-- Opening Marker --
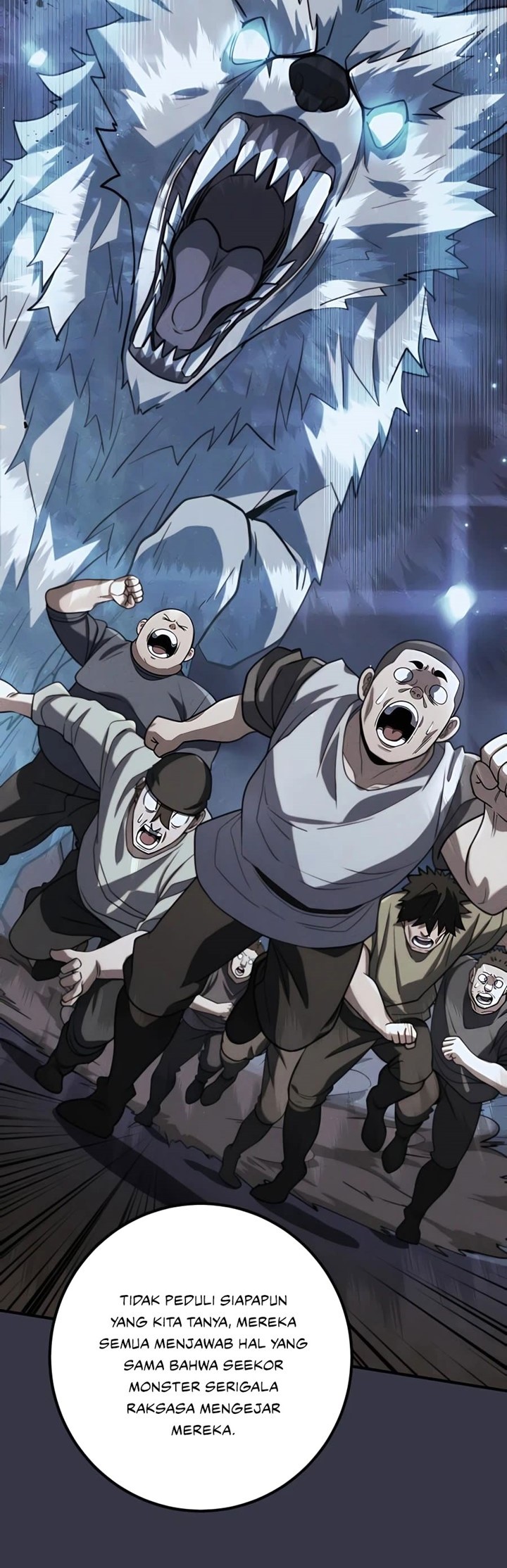 I Picked A Hammer To Save The World Chapter 06 Gambar 4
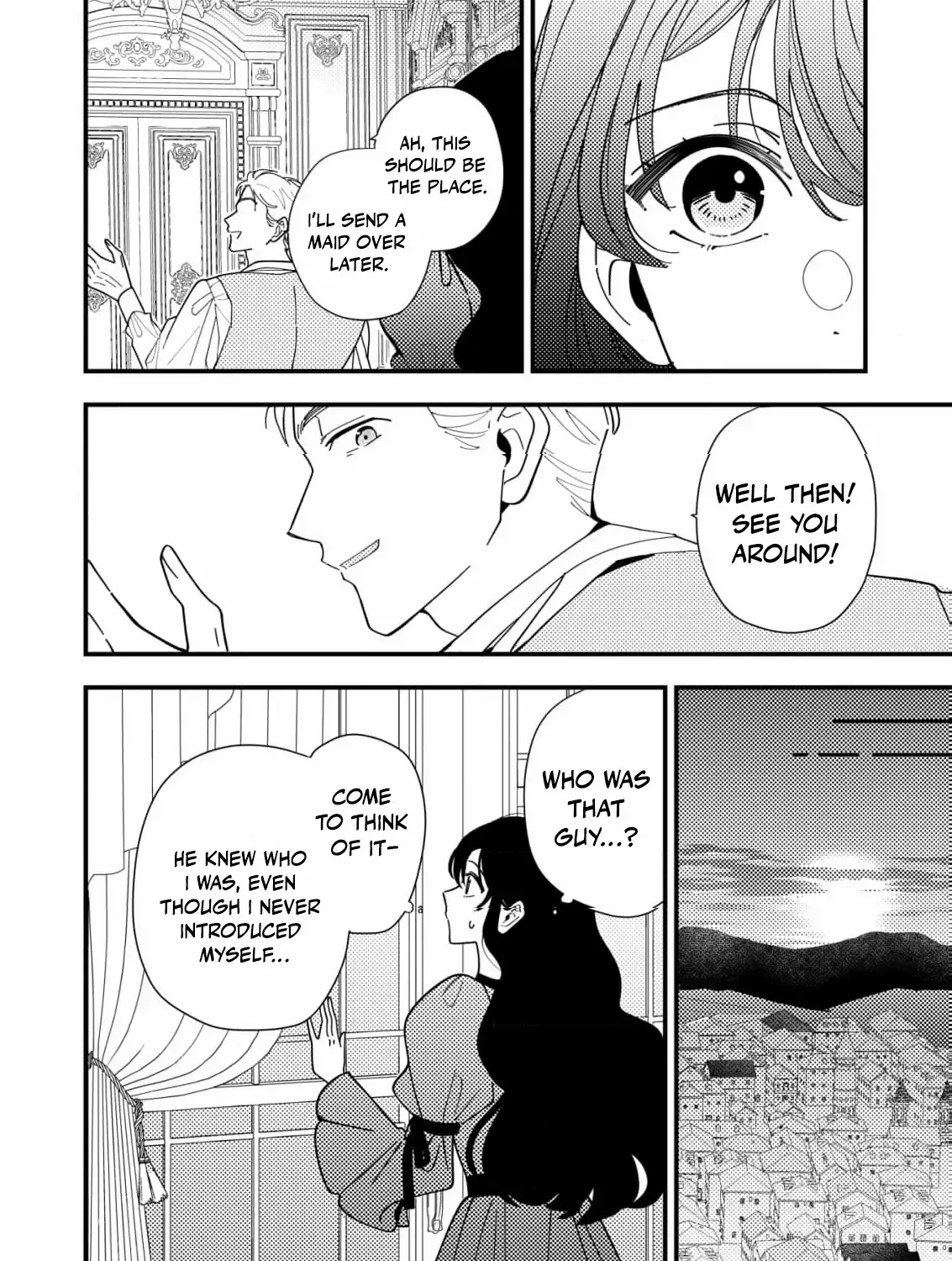 The Cursed Princess of the Night Kingdom Melts the Heart of the Reclusive Sun Prince Chapter 2 page 59 - 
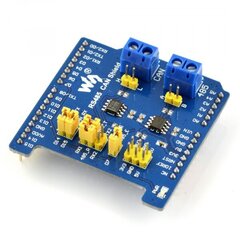 RS485 / CAN Shield - Arduino priedėlis kaina ir informacija | Atviro kodo elektronika | pigu.lt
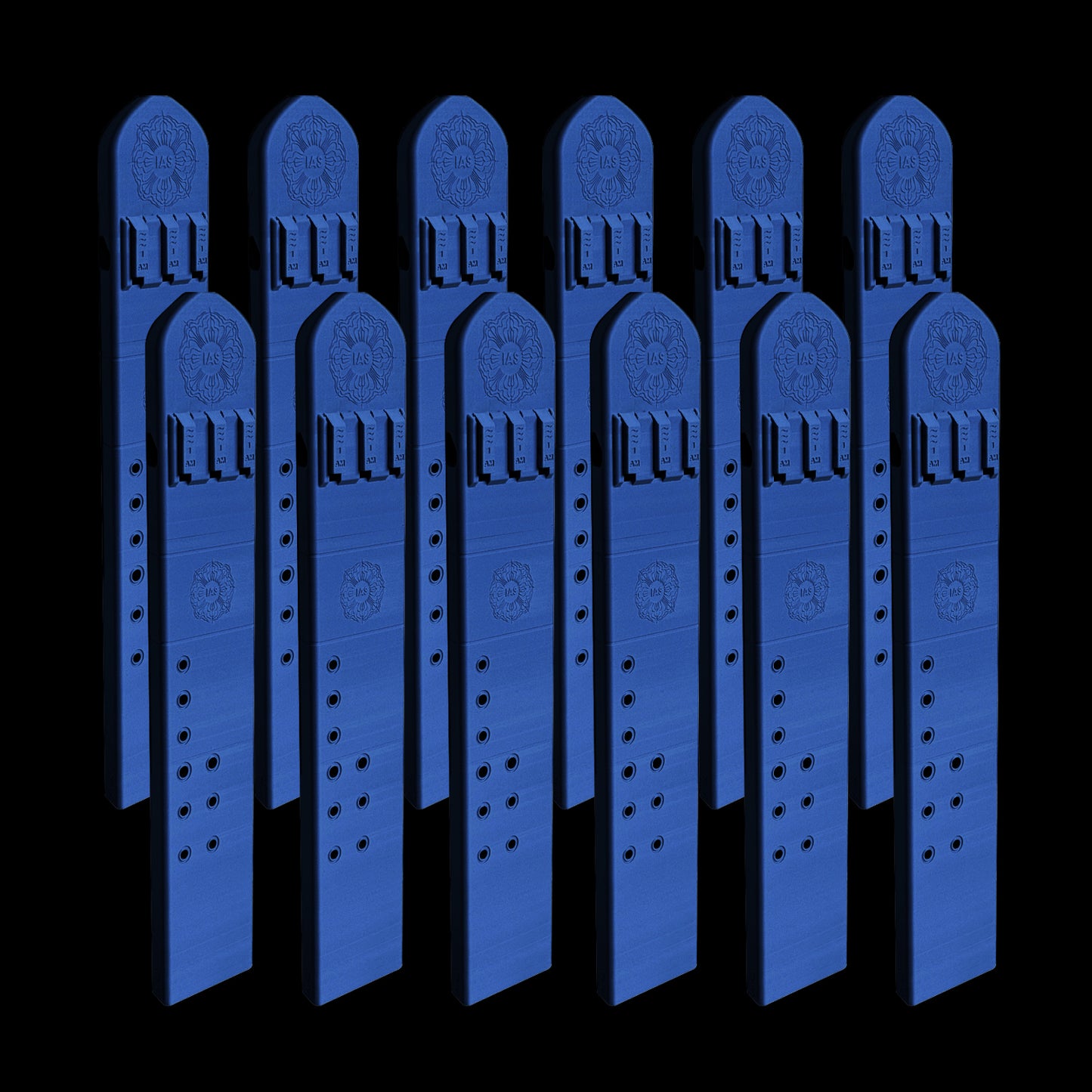 F#4 Triple Drone Flute 432Hz - 12 Pack (Wholesale) - $65/flute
-- Closing Marker --
What you need to do
Your copy should begin at the line containing "RS485 / CAN" and end at the last line of the data above, matching each line exactly and holding no pictures.

Answer to this exercise
 RS485 / CAN Shield - Arduino priedėlis kaina ir informacija | Atviro kodo elektronika | pigu.lt
 F#4 Triple Drone Flute 432Hz - 12 Pack (Wholesale) - $65/flute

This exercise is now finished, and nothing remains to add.